**Exercise description:**
Exactly and only the lines from the line holding "Lindura visgraat vloer" to the end of the records should be reproduced. Leave pictures out.

(Web page caption snippets)
== Segment start ==

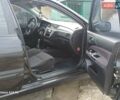 Черный Мицубиси Лансер, объемом двигателя 2 л и пробегом 286 тыс. км за 4000 $, фото 11 на Automoto.ua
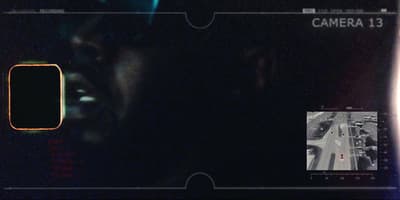 a man's face is shown through a camera lens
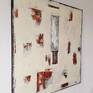 The Ivory-Copper Monolith (left) hanging on the wall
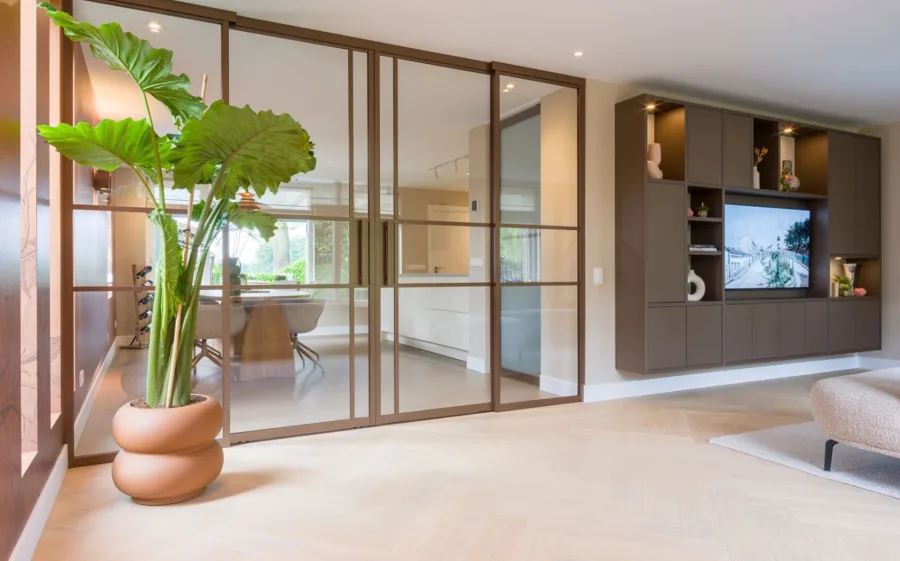 Lindura visgraat vloer in lichte hout tint met bronze stalen deuren en cinewall in de woonkamer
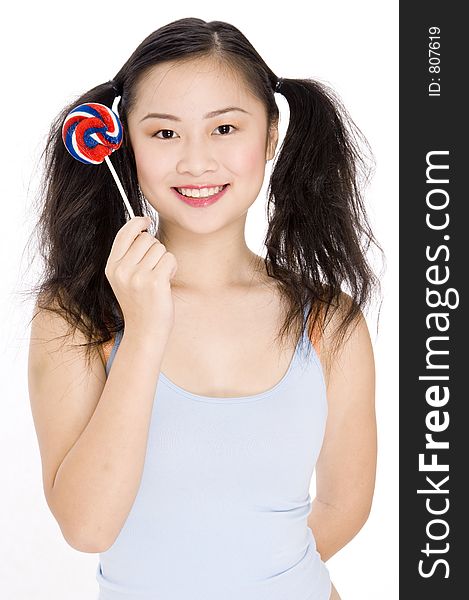 A young asian woman holidng a lollipop. A young asian woman holidng a lollipop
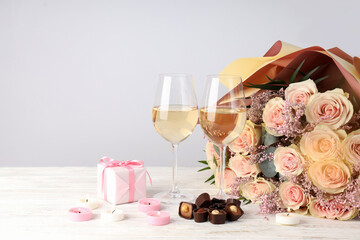 Happy Valentine day composition on white wooden table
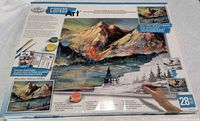Front of kit box showing contents and mountain landscape design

== Segment end ==

**Result:**
 Lindura visgraat vloer in lichte hout tint met bronze stalen deuren en cinewall in de woonkamer
 A young asian woman holidng a lollipop. A young asian woman holidng a lollipop
 Happy Valentine day composition on white wooden table
Front of kit box showing contents and mountain landscape design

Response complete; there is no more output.